Cosa che non accade spesso, si sa, perché vini del genere sono ritenuti, nell’immaginario comune, da collezione, da speculazione, da teca, da esposizione, da museo. Invece no. Per Marcello Brunetti, l’organizzatore dell’insolita degustazione, come per Roberto Barchi, che da trent’anni cerca, seleziona e vende bottiglie vecchie, i vini così vanno bevuti. 

Bevuti senza esitazione.
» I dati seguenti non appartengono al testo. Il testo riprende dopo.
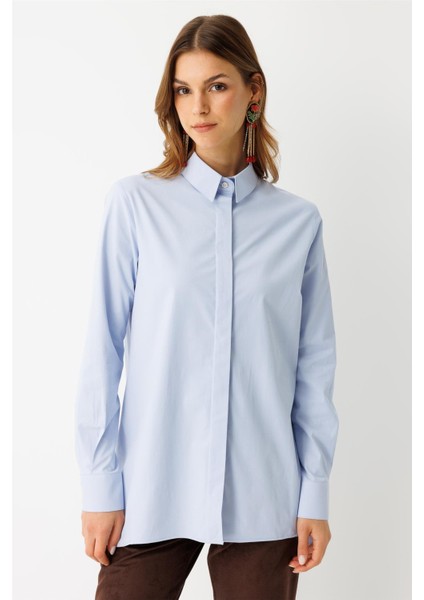 Arkası Dikiş Detaylı Pamuk Gömlek Mavi fırsatları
E questo è il racconto della nostra esperienza davanti a una vera e propria etichetta mito del vino italiano.

Roberto Barchi e Marcello Brunetti insieme alla bottiglia di Monfortino 1955 13 litri
Roberto Barchi e Marcello Brunetti insieme alla bottiglia di Monfortino 1955 13 litri

La storia di Giacomo Conterno e del primo Barolo riserva

Un’etichetta e un formato da leggenda, si diceva. Ma l’intento di Marcello Brunetti, che è riuscito a mettere insieme – attraverso il proprio profilo Instagram – 70 appassionati provenienti da tutta Italia in un ristorante di Reggio Emilia lo scorso sabato 5 febbraio, è proprio quello di sfatare alcuni miti, facendo parlare innanzitutto il vino. 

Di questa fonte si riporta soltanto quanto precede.